In 1994, the 5th record Mystery”was released. The album begins with a Morse code signal conveying a message, “we wanna go back to the past”. Songs included “The beauty” which was a remade song sung by Jung-hyeon Shin originally and “2:05 am.”

In 1996, the 6th record, Banana Shake was released in celebration of the group's 10th anniversary which came out with a canned case. It was the first attempt to make a CD case in a can-like look in Korea.  Singers  Hae-cheol Shin, Hyeon-do Lee, Ju-no Lee, and So-ra Lee participated in this album . The most popular songs in this album are “Banana shake” and “When things are not going well.”

In 1998, the group released the album, Best of the Best. This album is composed of 2 CDs: one is a compilation of songs; the other is that of instrumental works which had been released through the past records. “Bom Yeo-reum Gaeul Kyeo-ul” and “All-the-time happy people” were remade by a new arrangement. The album includes a new song “Always, it’s winter.”

2000s
In 2000, SSAW released “SSaW LIVE!” a video of a limited edition, producing only 2000 copies. The video was a recording of the live concert held in the round rotating stage at the Culture & Sports Complex on December 31, 1999.

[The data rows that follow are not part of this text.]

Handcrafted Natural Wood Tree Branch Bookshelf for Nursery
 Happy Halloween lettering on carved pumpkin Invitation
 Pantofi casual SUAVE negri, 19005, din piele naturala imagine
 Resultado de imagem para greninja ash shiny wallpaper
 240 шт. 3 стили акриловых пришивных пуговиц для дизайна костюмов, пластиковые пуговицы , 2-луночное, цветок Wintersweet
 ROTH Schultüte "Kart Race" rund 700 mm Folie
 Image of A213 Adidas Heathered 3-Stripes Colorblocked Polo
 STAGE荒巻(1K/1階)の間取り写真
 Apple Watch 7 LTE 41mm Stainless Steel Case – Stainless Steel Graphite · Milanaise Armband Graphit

In 2002, SSAW's  7th official record, Bravo, My Life! was released. On the Internet, “Too old to rock'n'roll, too young to die” and “Come back to me” were released as a hidden track. Singers Hee-yeol Yoo, Hyeong-cheol Kim, Sang Yoon, and Jeok Lee participated in this album. “Bravo, My Life!” and “Conciliatory sonata” were popular songs.

In 2003, “Best of the Best” was re-released in a form of photo album by Jung-man Kim, renamed as “BEST OF THE BEST BOM YEO-REUM GAEUL KYEO-UL SONGS, INSTRUMENTAL AND THEIR STORY.” In September, the CD having songs and the one having instrumental works were released separately.

In 2005, a video album “I am Ssaw Dizzy,” recording the wine concert held at Club Cosmo in November 2004 was released. Since releasing this album, the group began to work with a wine & music series. This album has a 3-member group's rock style, which was very far from the typical music style of Bom Yeo-Reum Gaeul Kyeo-ul.

In 2006, SSAW released “Oh, Happy Day!,” the 2nd live video album of the “wine & music series” recording the 2nd wine concert held at Club Agua in November 2005. This album contains the previous songs of SSaW which were arranged in a Latin & Reggae style.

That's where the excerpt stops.